■Magere Hein
Opmerkelijk is dat grande bouffe vooral de laatste jaren ook nu en dan figuurlijk wordt aangetroffen in het economische katern van de krant, als metafoor voor de tendens dat bedrijven elkaar opslokken en steeds groter worden. Zo schrijft Het Financieele Dagblad over de snelle groei van het Franse concern Pinault:
1998 wordt voor Pinault het jaar van de grande bouffe. Artemis, dat 42% van PPR controleert, verwerft in enkele maanden tijd het weekblad Le Point, het Britse veilinghuis Christies en het vastgoed van de maatschappij Sefimig. Eind 1998 komt daar de spectaculaire overname bij van het aandelenbelang (12,4%) van financier Vincent Bollore in bouwconcern Bouygues.
(23 maart 1999)
Blijkbaar is dit metaforische gebruik nog niet algemeen genoeg om ook in die betekenis in het woordenboek te worden vermeld. En of dat ooit nog eens zal gaan gebeuren, is twijfelachtig.
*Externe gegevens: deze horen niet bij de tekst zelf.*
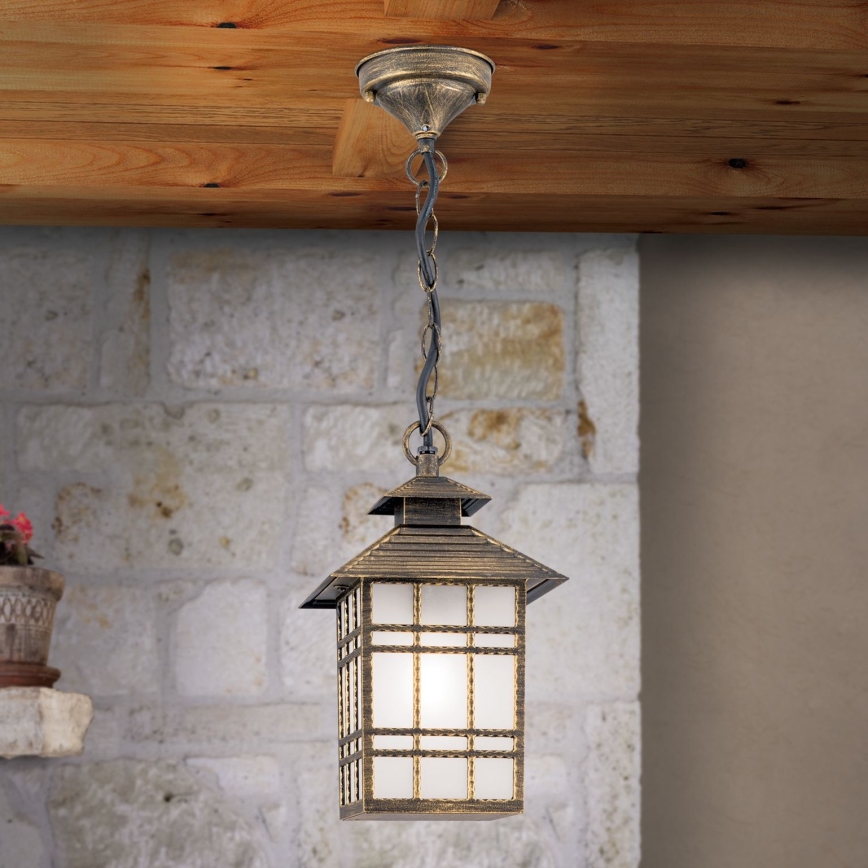 Vonkajšie závesné svietidlo KIKO 1xE27/11W/230V IP44 bronz/patina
Het gebruik van de term grande bouffe lijkt namelijk nogal sterk gebonden aan persoonlijke kennis van de film: wie de film niet gezien heeft, zal grande bouffe ook niet snel gebruiken - noch letterlijk (‘schranspartij’) noch figuurlijk (‘het opslokken of verzwelgen’).
En vanuit dat perspectief heeft grande bouffe misschien niet meer zo'n heel lange toekomst in onze taal. Want de mensen die de film in de jaren zeventig of tachtig hebben gezien, worden ouder en ouder en zullen over pakweg een halve eeuw allemaal verzwolgen worden bij de grande bouffe van Magere Hein.